WHAT IS NEEDED
Directions for the data below: repeat exactly the lines from the one with "Woman Exercising with Trainer" through the one with "(서울=뉴스1) 박지혜 기자", both included, and omit all pictures.

RECORDS FOR THE TASK
★ ★ ★ ★ ★

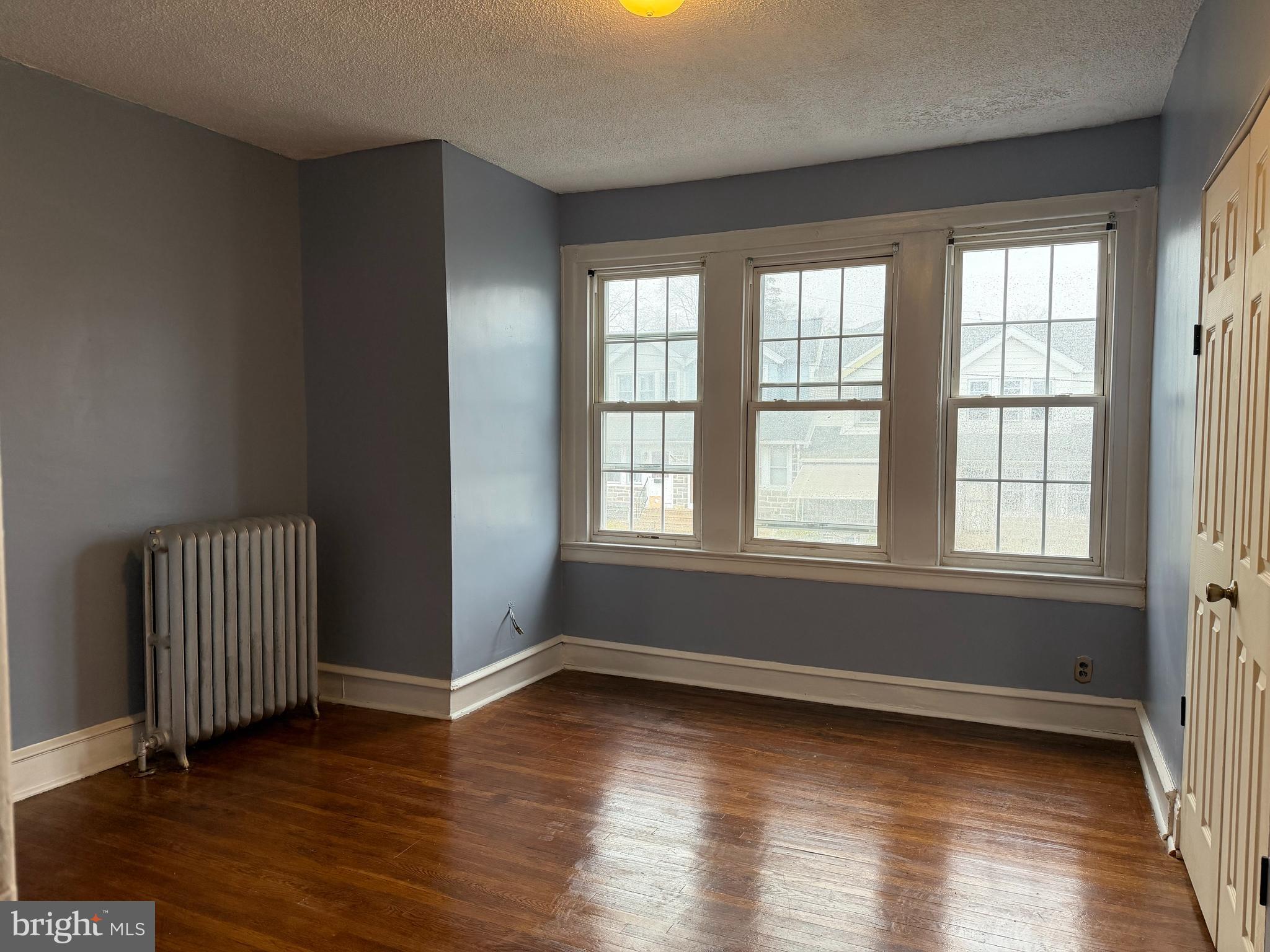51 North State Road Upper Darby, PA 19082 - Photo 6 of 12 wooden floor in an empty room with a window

★ ★ ★ ★ ★

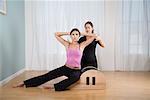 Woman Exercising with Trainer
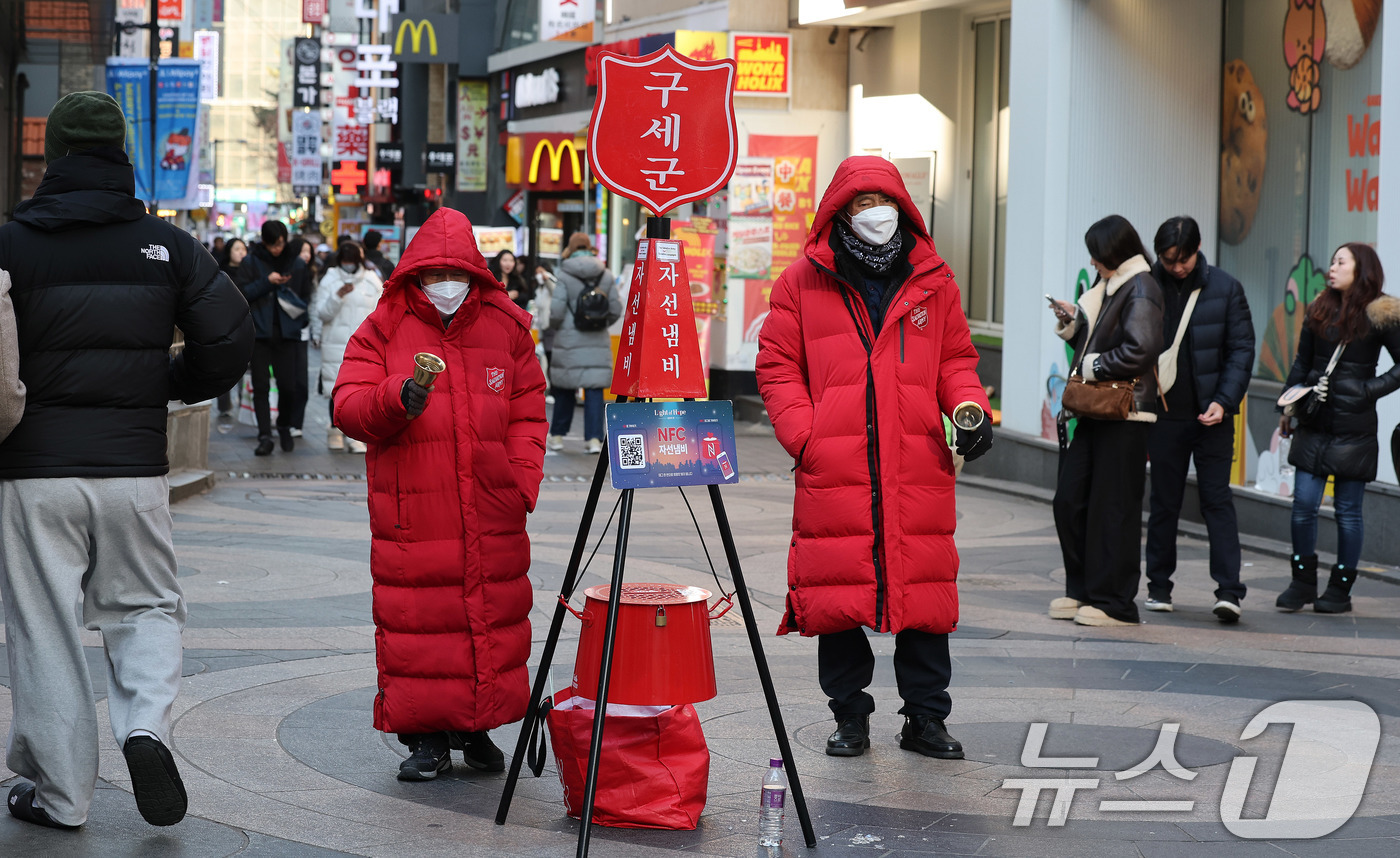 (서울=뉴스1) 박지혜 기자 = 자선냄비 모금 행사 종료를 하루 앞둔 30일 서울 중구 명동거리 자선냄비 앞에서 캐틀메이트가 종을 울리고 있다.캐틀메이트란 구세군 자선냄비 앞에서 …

★ ★ ★ ★ ★

TASK ANSWER
 Woman Exercising with Trainer
 (서울=뉴스1) 박지혜 기자 = 자선냄비 모금 행사 종료를 하루 앞둔 30일 서울 중구 명동거리 자선냄비 앞에서 캐틀메이트가 종을 울리고 있다.캐틀메이트란 구세군 자선냄비 앞에서 …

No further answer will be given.